Node split and merge works similarly. Since inner nodes are immutable, node split and merge must be finalized by creating a new copy of the inner node for the affected inner node, and then performing a MWCAS in a similar manner as node consolidation on the grandparent node. For a spilt, the sibling node is created, and then inserted into the newly created inner node. For a merge, a sibling is chosen (either left or right), and a new node is created by merging active entries in both nodes. During this process, we must ensure that the nodes under operation are always valid by first checking their freeze bit, and then use MWCAS to set the freeze bit. Replaced nodes are sent to the garbage collector for future reclamation.
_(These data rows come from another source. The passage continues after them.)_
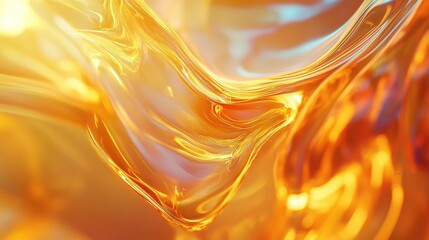 Golden liquid waves flowing abstract textured background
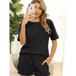 Women's short sleeve loungewear solid color casual waffle two-piece Nexellus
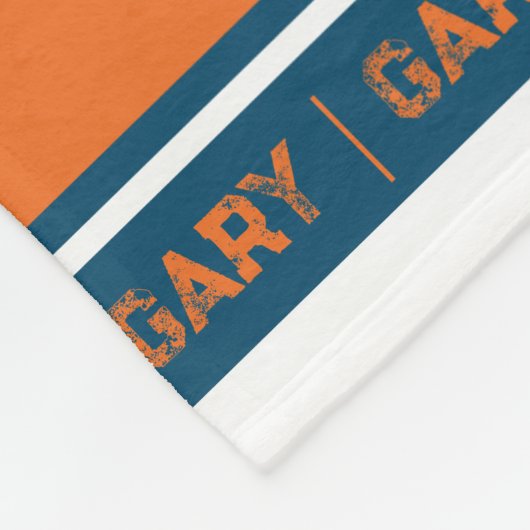Naam: sportmonogram oranje blauw Gary Fleece Deken (Hoek)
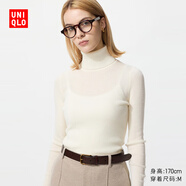 優(yōu)衣庫女裝精紡美利奴羊毛羅紋兩翻領(lǐng)針織衫/長(cháng)袖毛衣新款478337 01 乳白色 M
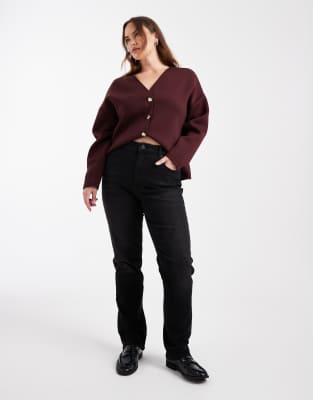 Only Curve - Jeans in verwaschenem Schwarz mit geradem Schnitt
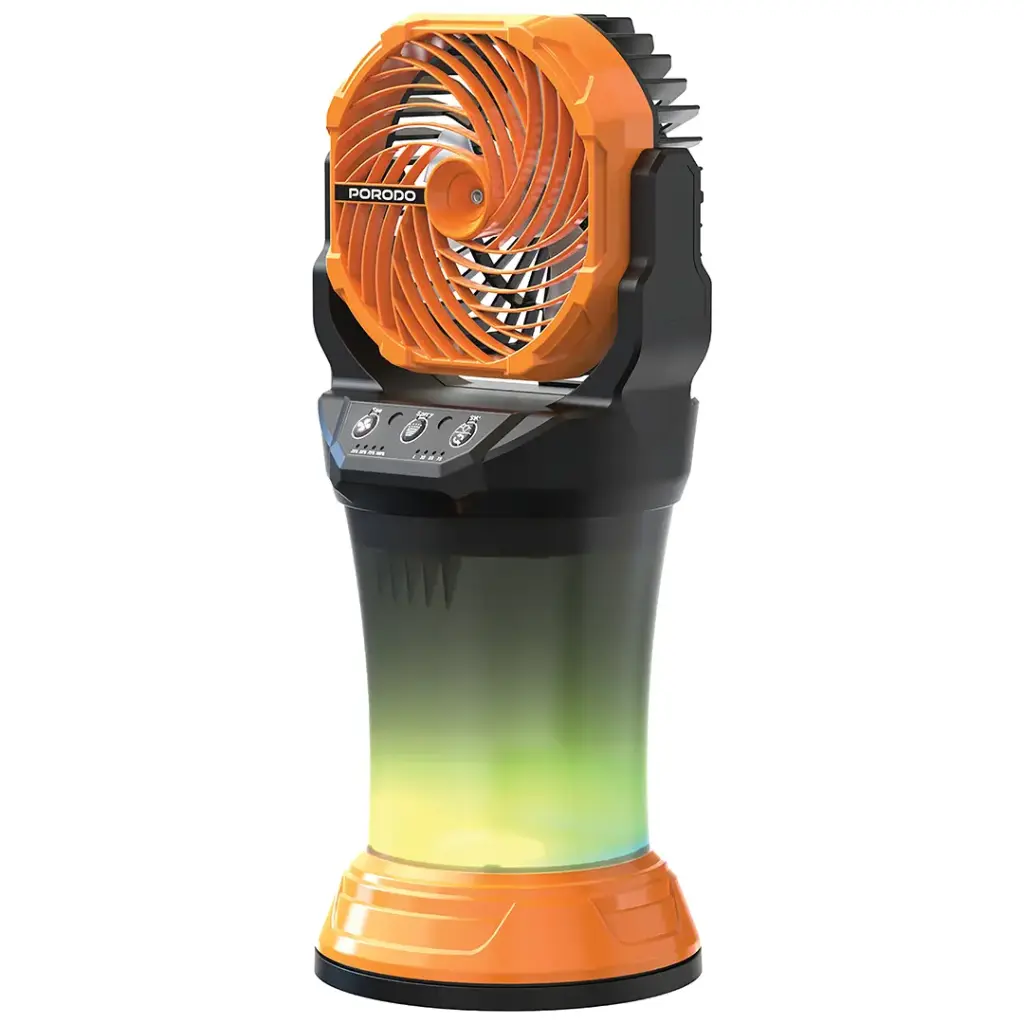 Porodo FreshPulse Portable Misting Fan - Orange & Black 2 Porodo FreshPulse Portable Misting Fan - Orange & Black - Image 2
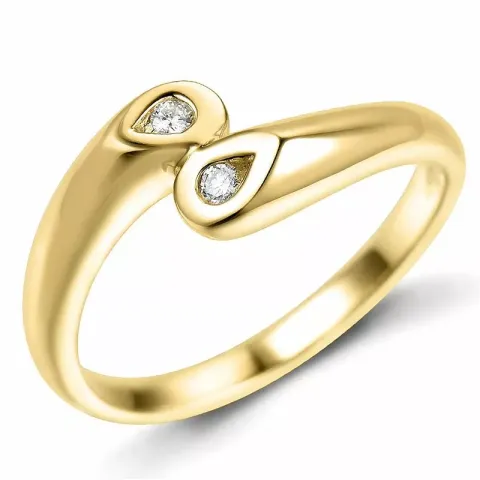 Diamantring i 9 karat guld 0,06 ct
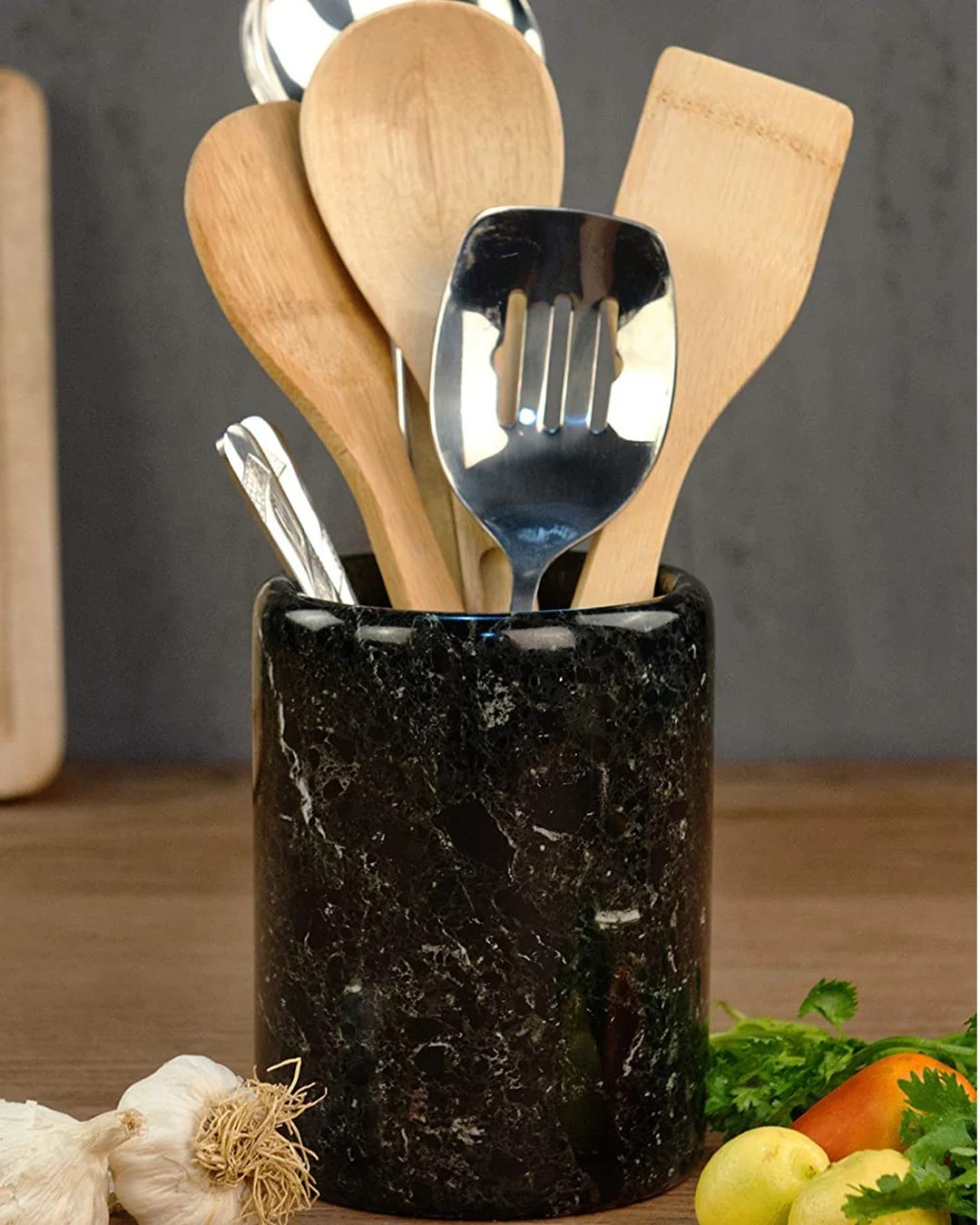 Utensil Holder Countertop Marble Kitchen Utensils Set Organizer 5.5x6.5 Inch Utensil Holders Home... | Etsy (US)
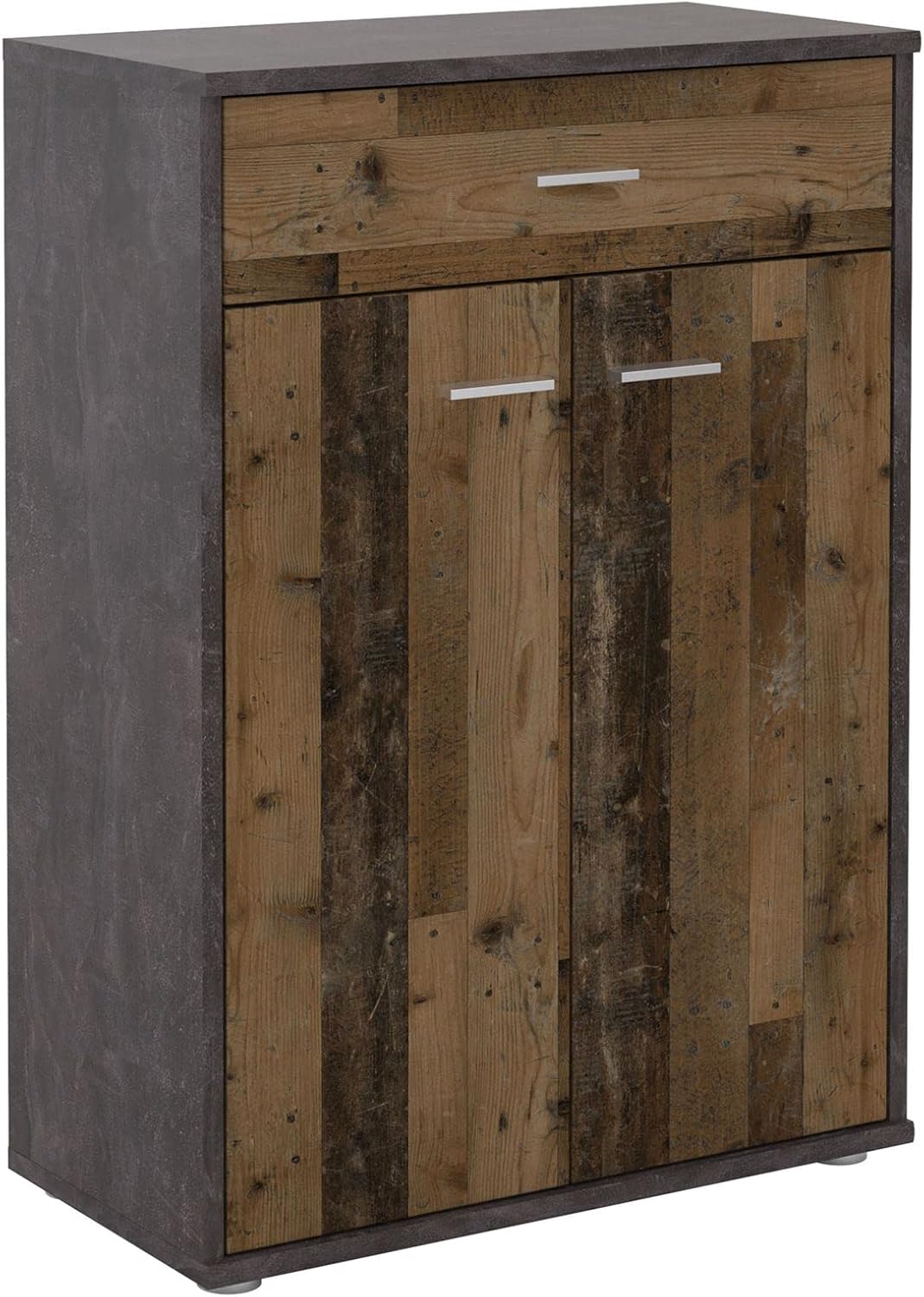 CARO-Möbel Kommode Tommy Sideboard Schrank in dunkler Betonoptik/Old Style mit Schublade und 2 Türen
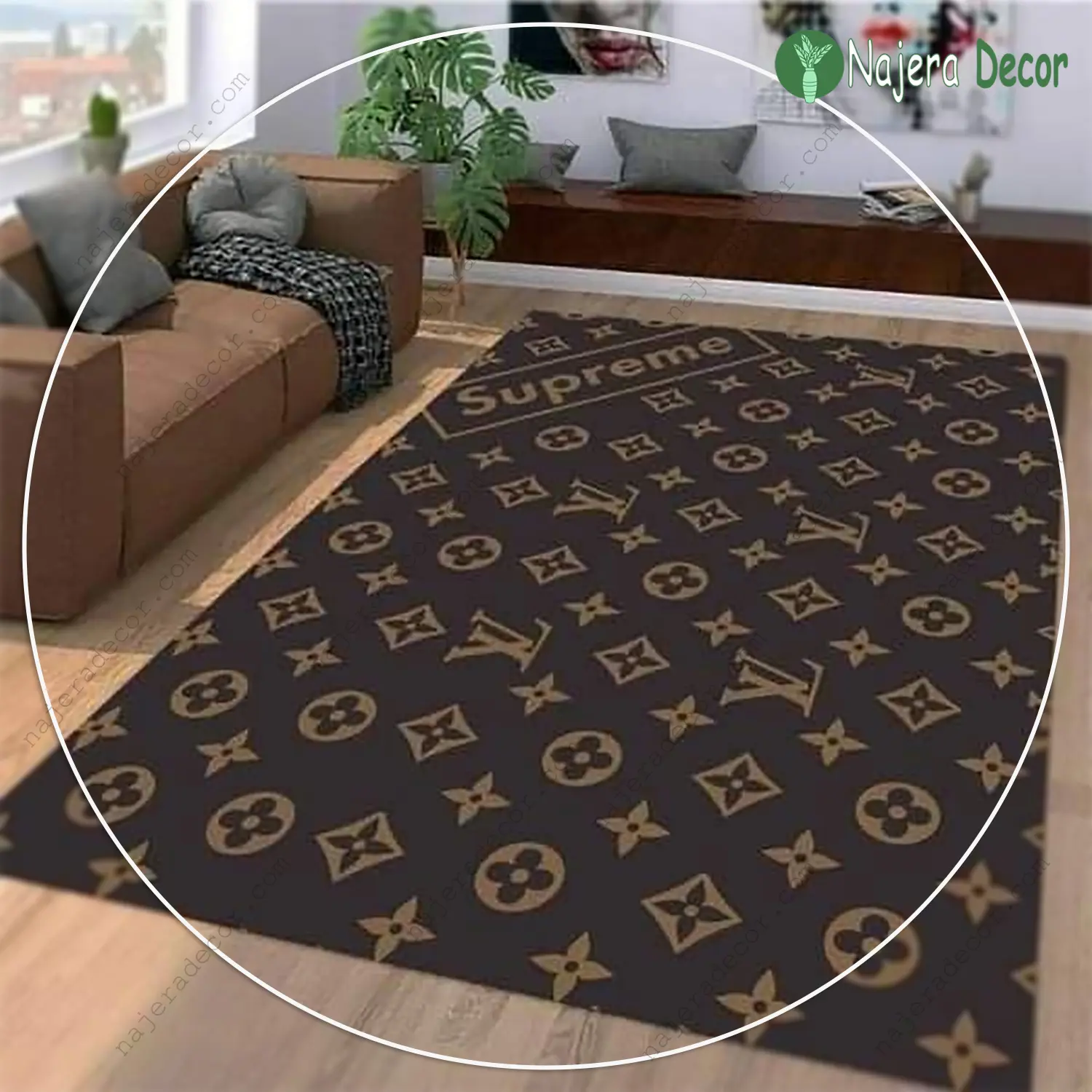 Louis vuitton supreme new fashion area rug carpet living room rug us gift decor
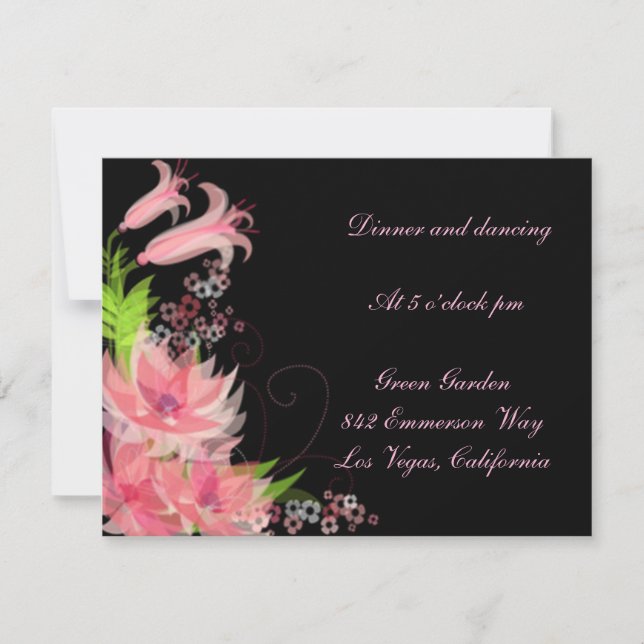 Elegant Romantic Pink Floral Reception Card (Front)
On recovery, no BzTree-specific routine is requires. The MWCAS library handles all unfinished operations by either rolling them back or reapplying changes. Note that insert operations consists of two atomic MWCAS, one to allocate space and another to activate the entry. If the system crashes between these two steps, then a dead entry will be left in the node, which may block future operations (since a key is left undermined). To deal with this, on every crash recovery, the global recovery epoch counter is incremented by one. On future tree operations, when we see a suspected dead entry (i.e. active bit cleared), we compare its offset field with the current epoch counter. If values do not match, we know this entry is a dead entry from an incomplete insert before the crash, at which case we simply zero out the key and value, and mark it as deleted.